On an M3 Max with bf16 weights cached, the full batch through parakeet-mlx ran at ~0.011 realtime factor — ~90× faster than playback — for a total wall time of 5:47 across all ten files. The same model hosted on Together AI without timestamps landed near the same RTF when healthy, but jumped to ~0.14 as soon as we asked for word-level timestamps, and returned service_unavailable on a healing-model request the same afternoon.

Speed wasn't the real pitch, though. Local won on three things the benchmarks don't show.

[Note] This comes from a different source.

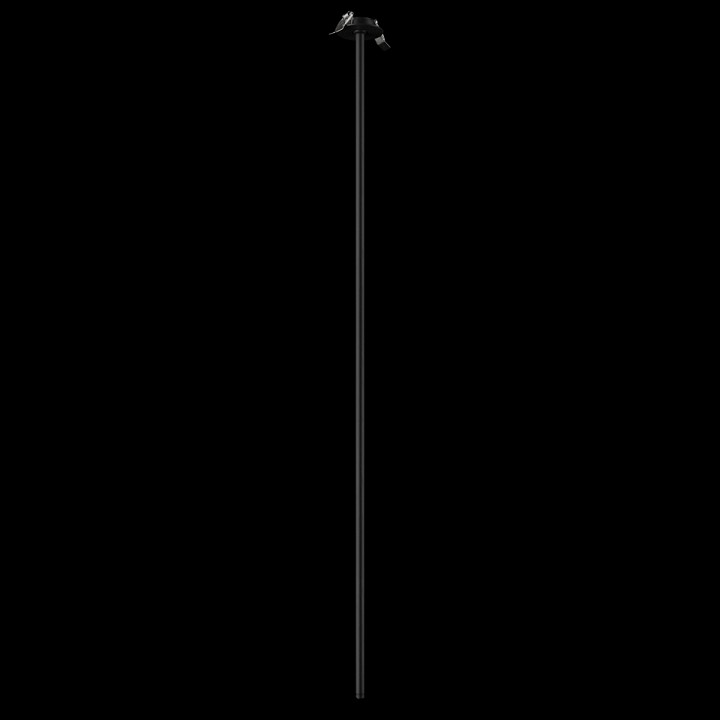 Встраиваемый светильник на штанге loft it cane 10359/1200 black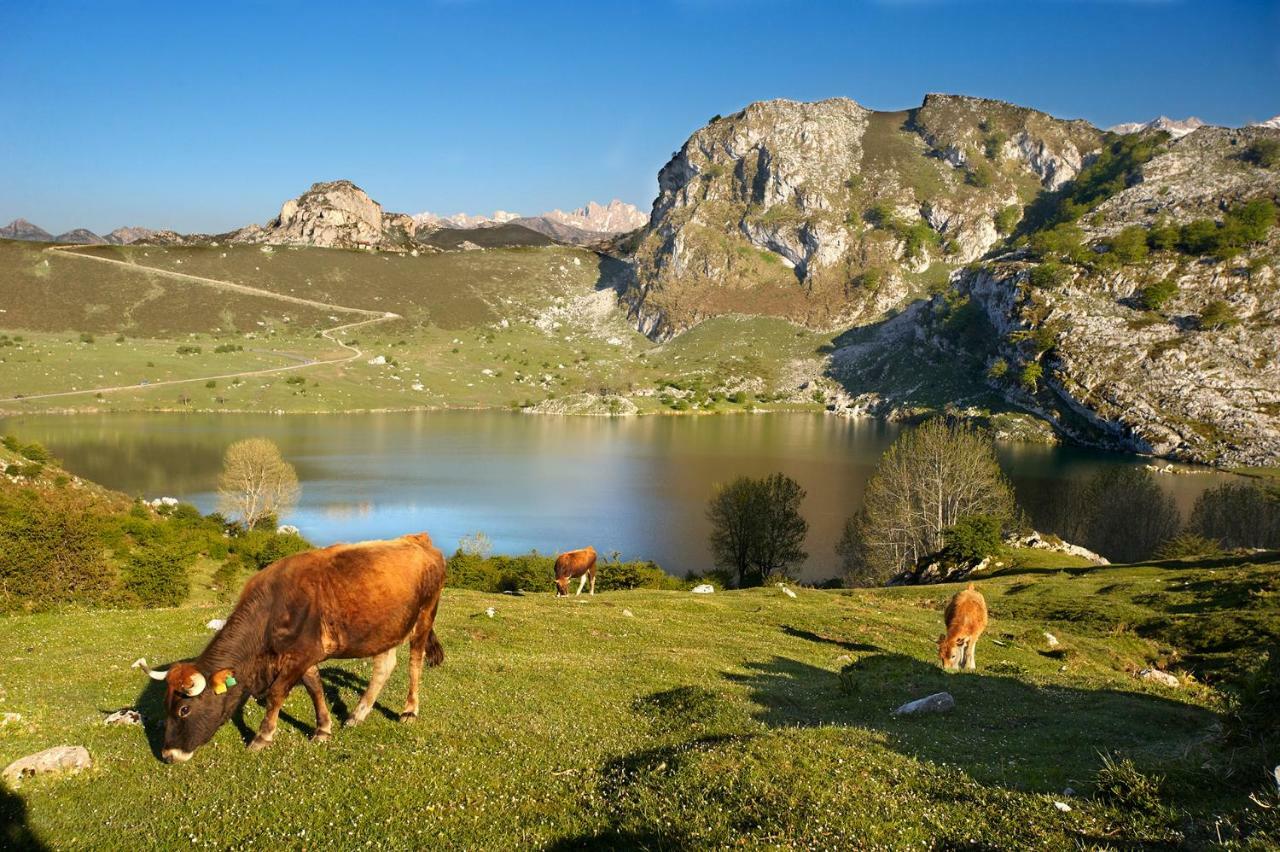 Appartamento Casa Mamina Siero Esterno foto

Sentence segmentation is part of the model, not a post-step. The parakeet-mlx CLI emits native sentence boundaries with per-token confidence scores, tunable by silence-gap threshold (--silence-gap 0.8), max-words-per-sentence, and max-duration-per-sentence. Together's wrapper returns one whole-clip segment plus a flat word list; the client has to re-split. For research data that's going into subtitle files, having the model's own sentence judgment in the output is worth more than shaving seconds.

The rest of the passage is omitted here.